Hand-Held Scopemeters: Compact oscilloscopes benefit from its real-time sampling capability and integrated analog front-end.

Low-Cost Digital Oscilloscopes: Designers can achieve high performance in entry-level systems through the device’s excellent price/performance ratio.

Other Use Cases: Baseband and intermediate-frequency (IF) acquisition in communication devices, spectrum analyzers, as well as data capture subsystems embedded in industrial automation.

Design Strategies and Implementation Tips for the AD9283BRS-RL50

Achieving best-in-class performance with the AD9283BRS-RL50 requires meticulous attention to reference configuration, input biasing, clock quality, and PCB layout:

Reference Management: The default internal reference suffices for most applications, though external reference input accommodates custom scaling or calibration schemes.

Input Coupling: Whether using single-ended or differential inputs, designers should ensure impedance balancing and match input signal swings to the 1 Vpp nominal range.

Clock Integrity: Low-jitter, fast-transition encode clocks are essential to maintain signal integrity, especially at the highest sample rates.

Output Loading: Minimize capacitive and DC loading on data output lines to avoid ground bounce and output-induced noise coupling.

Power Sequencing: Separate analog and digital supplies as recommended in datasheets to isolate noise sources and maximize SNR.

Evaluation Kits and Development Resources for the AD9283BRS-RL50

Analog Devices provides a dedicated evaluation board for the AD9283BRS-RL50, streamlining the process of in-bench characterization and system prototyping. The board supports direct connection of analog inputs, TTL/CMOS-level encode clocks, and incorporates optional DAC-based output monitoring for rapid signal chain demonstration. Design engineers can leverage the reference layouts, BOM, and schematic materials as starting points for custom board developments, significantly reducing verification cycles and time to market.
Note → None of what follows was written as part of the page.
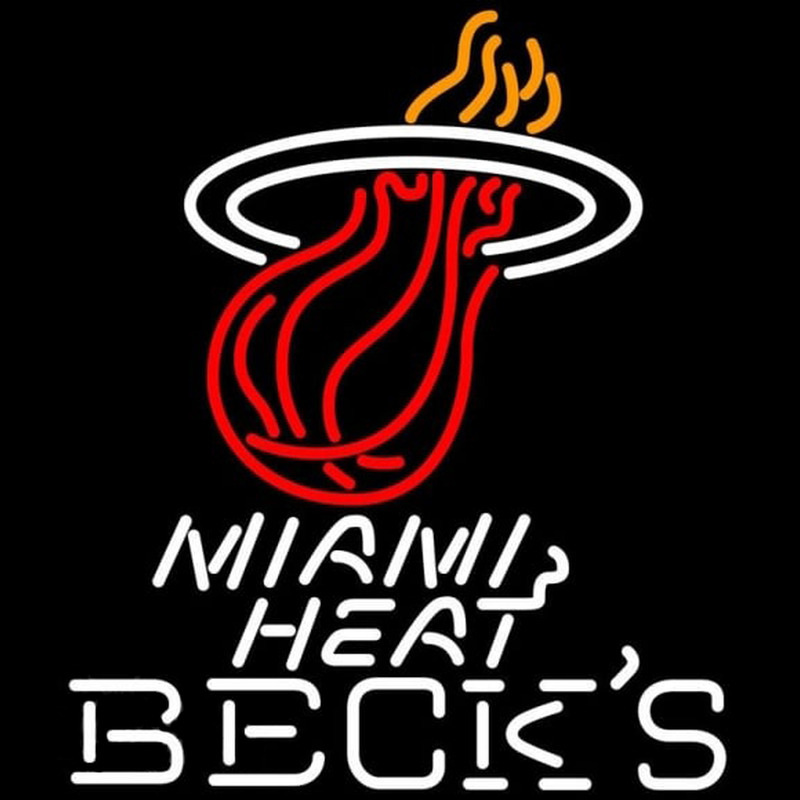 Custom Becks Miami Heat NBA Beer Sign Neon Sign USA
Alternative or Substitute Models for the AD9283BRS-RL50

In the event that the AD9283BRS-RL50 is unavailable or project requirements evolve, engineers may consider alternate ADCs matching similar key specifications:

Equivalent pipelined 8-bit, 100 MSPS converters from Analog Devices or those with similar interface and power profiles.

Competing solutions from major vendors (e.g., Texas Instruments, Maxim Integrated, Renesas) provided they meet the same input range, supply voltage, and output format requirements.

Special attention should be paid to input bandwidth, timing delay, power-down functionality, and package dimensions to ensure seamless migration or second-sourcing strategies.

Conclusion

: AD9283BRS-RL50’s Position in Modern ADC Selection

The AD9283BRS-RL50 stands as a robust and flexible solution for medium-resolution, high-speed analog-to-digital conversion in power- and space-sensitive electronic systems. Its balanced combination of high sampling rates, low operating and standby power, versatile pin configuration, and simple integration makes it an attractive choice for engineers designing the next generation of portable instruments and cost-driven test equipment. By understanding its detailed features, performance limits, and application fit, design and procurement teams can make informed decisions that streamline both engineering and sourcing workflows.